▸ Exercise aim
Reproduce exactly only the lines from the line that holds "Lit Blue Sky Falling" to the line that holds "Kit de correa", inclusive, in the listing below, and please leave out every picture.

▸ Records to process
"""

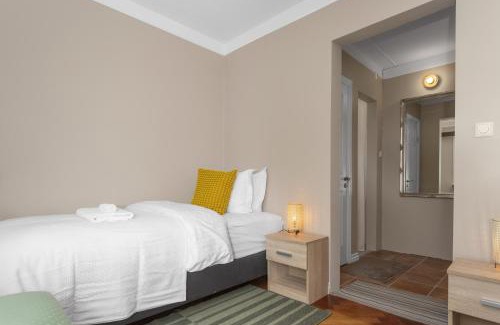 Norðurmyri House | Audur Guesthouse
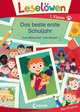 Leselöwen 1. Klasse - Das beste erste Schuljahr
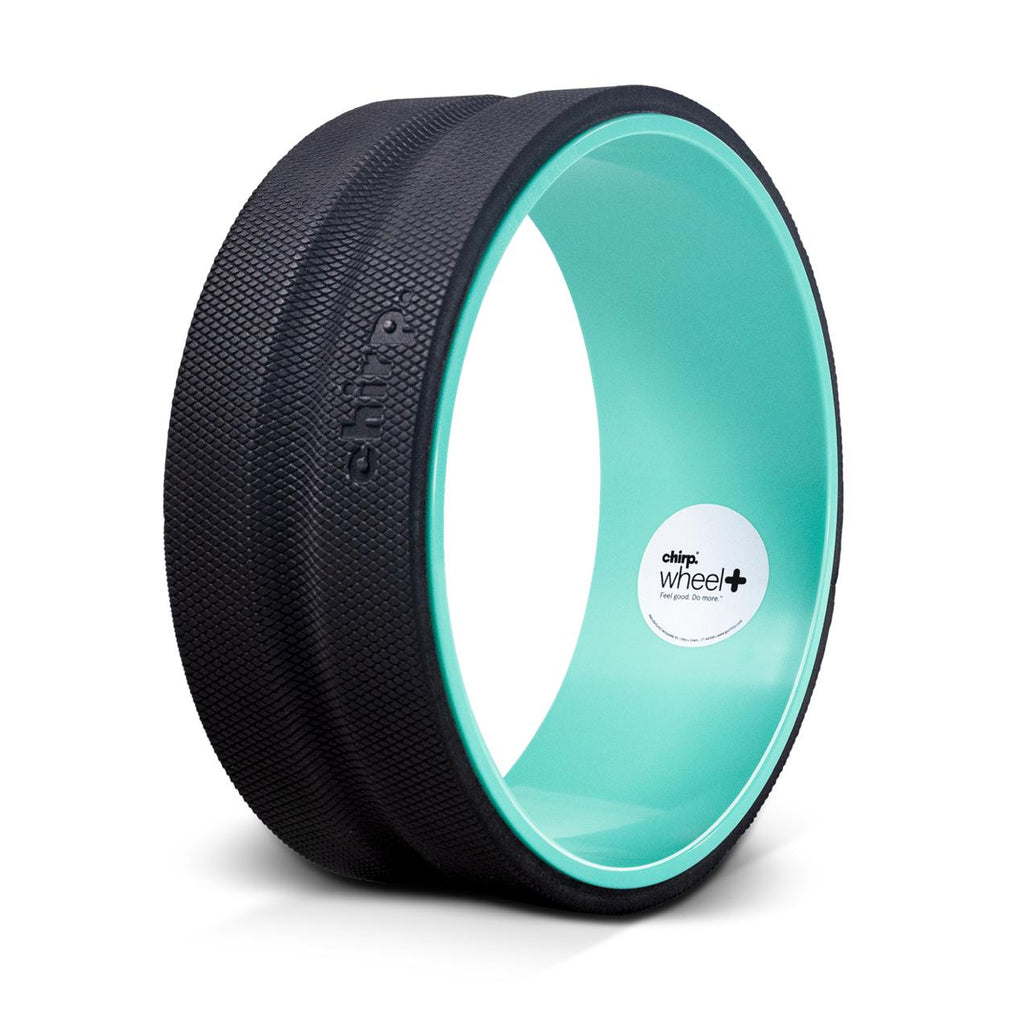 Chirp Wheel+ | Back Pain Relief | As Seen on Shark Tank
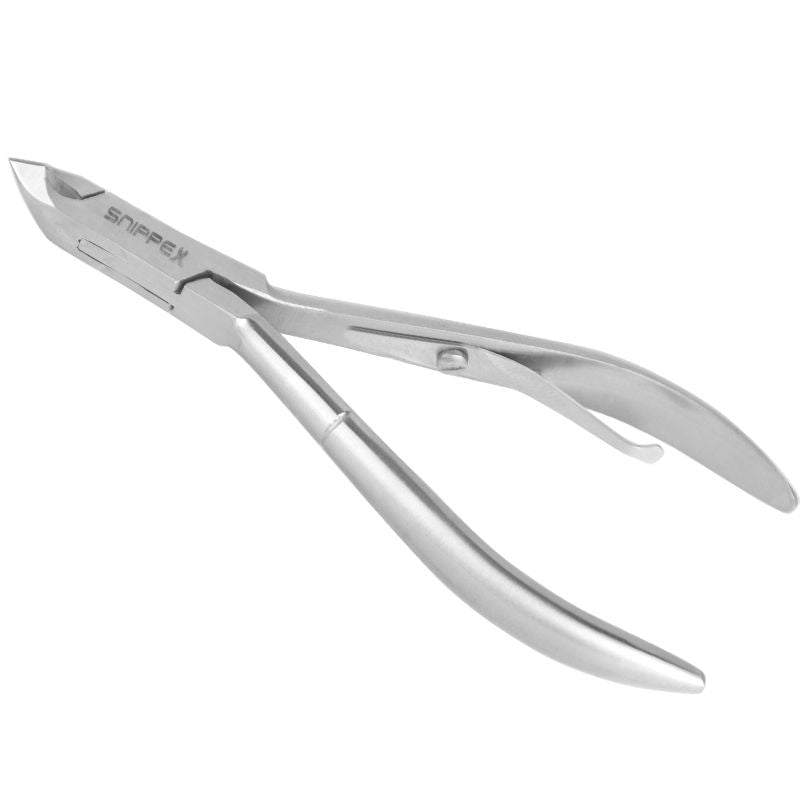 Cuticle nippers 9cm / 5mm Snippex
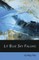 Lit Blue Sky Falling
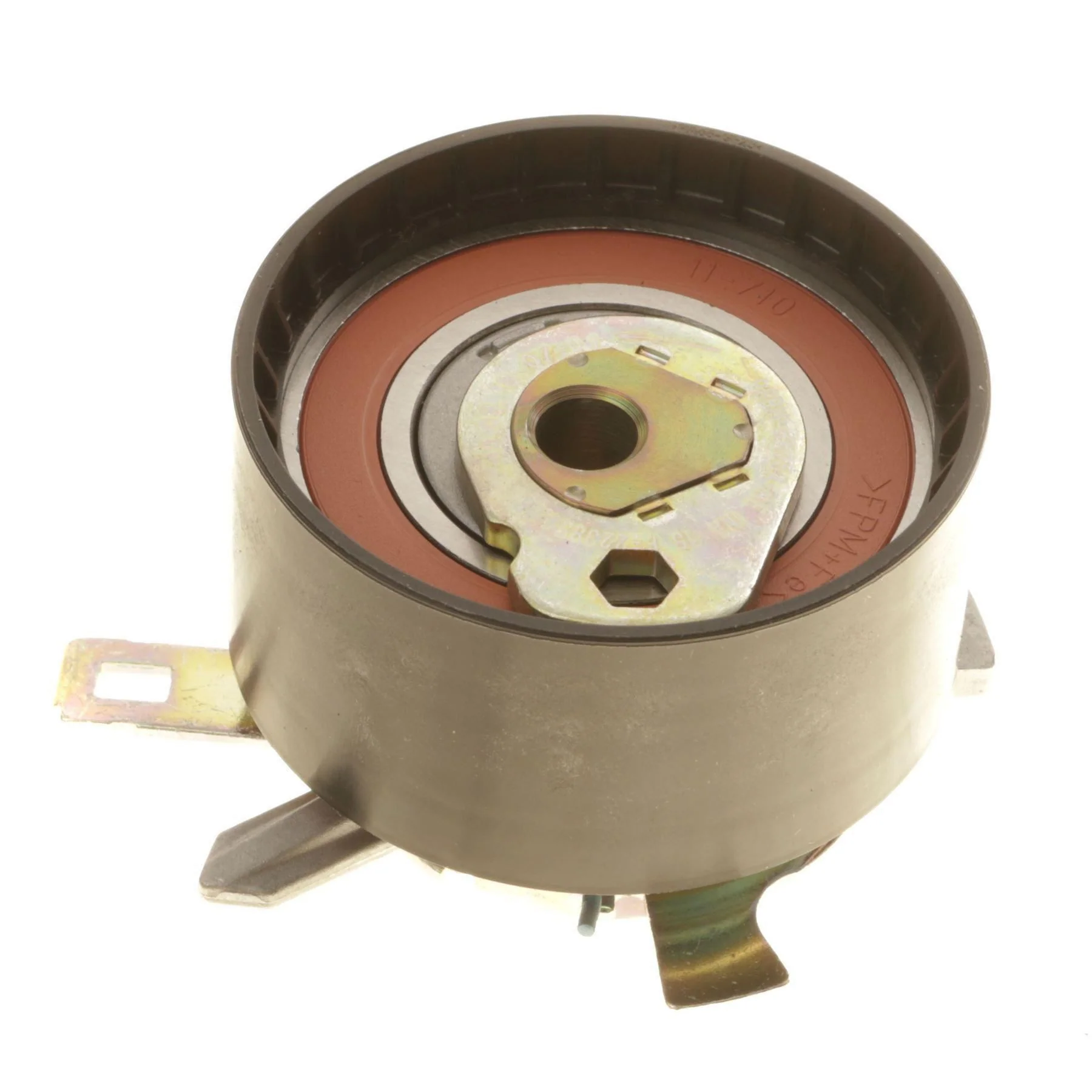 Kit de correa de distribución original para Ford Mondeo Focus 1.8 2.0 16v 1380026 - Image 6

"""
"""

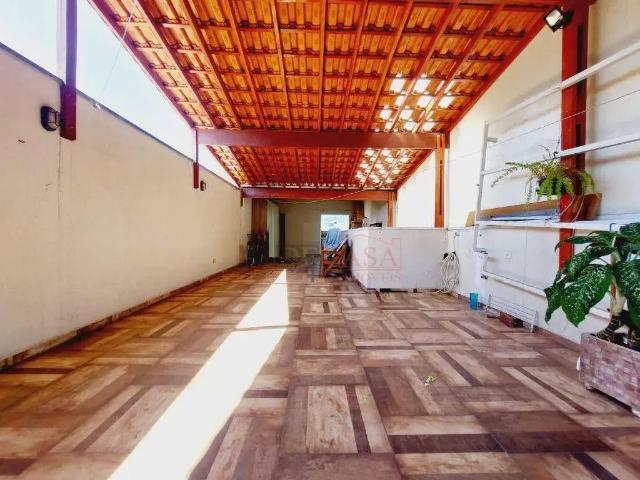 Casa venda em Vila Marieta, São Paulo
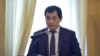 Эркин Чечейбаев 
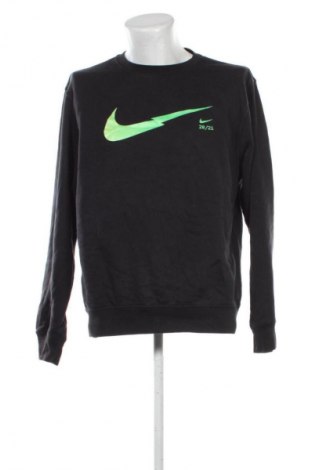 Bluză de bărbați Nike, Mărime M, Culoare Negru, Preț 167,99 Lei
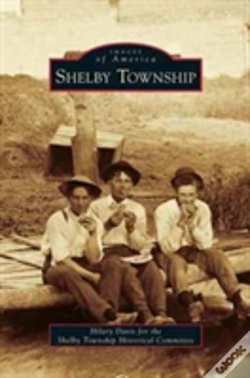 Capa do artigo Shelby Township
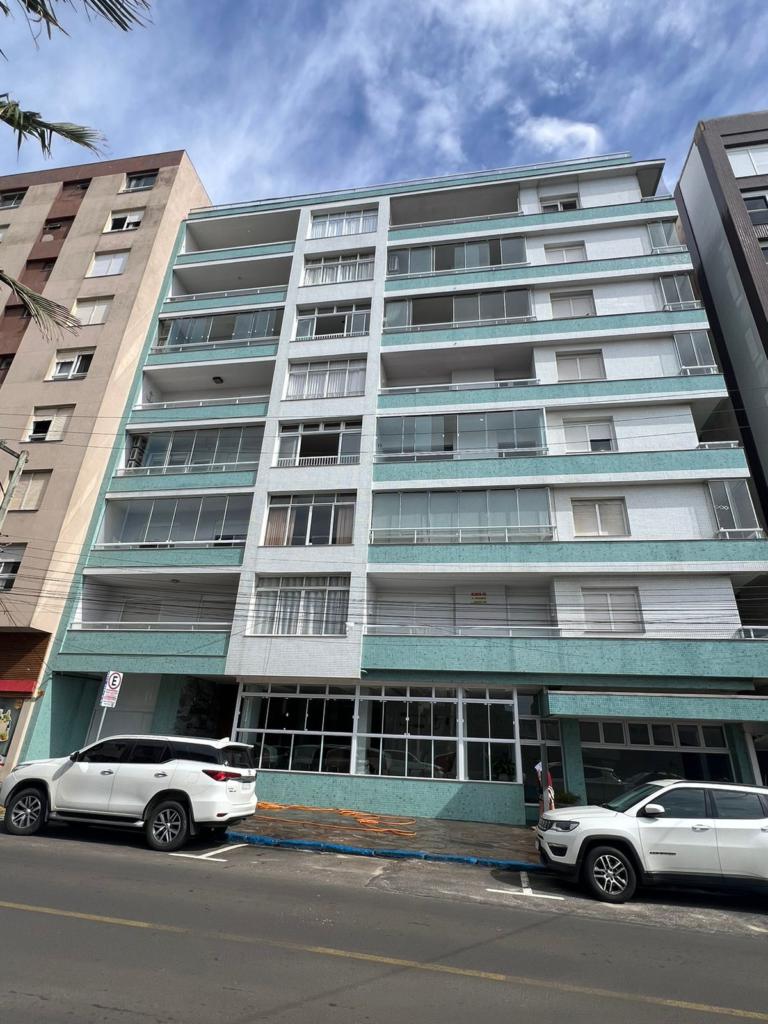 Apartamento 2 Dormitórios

"""
"""

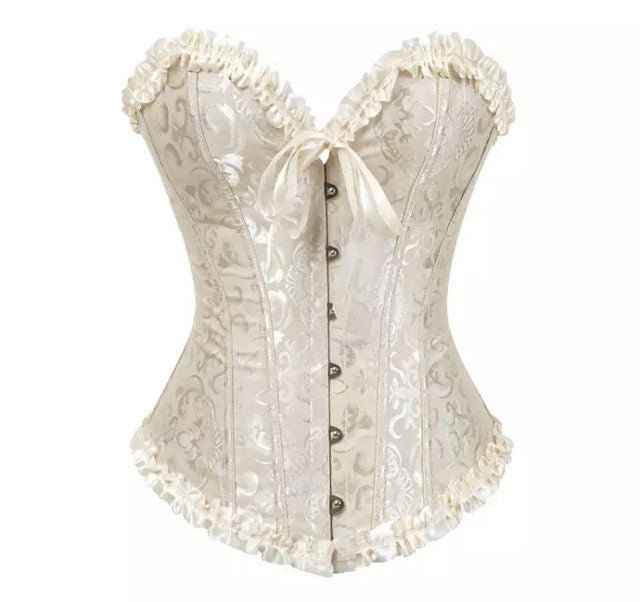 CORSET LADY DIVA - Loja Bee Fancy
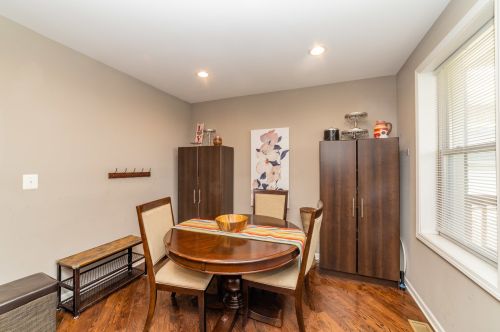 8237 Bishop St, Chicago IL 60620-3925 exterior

"""

▸ Response below
 Lit Blue Sky Falling
 Kit de correa de distribución original para Ford Mondeo Focus 1.8 2.0 16v 1380026 - Image 6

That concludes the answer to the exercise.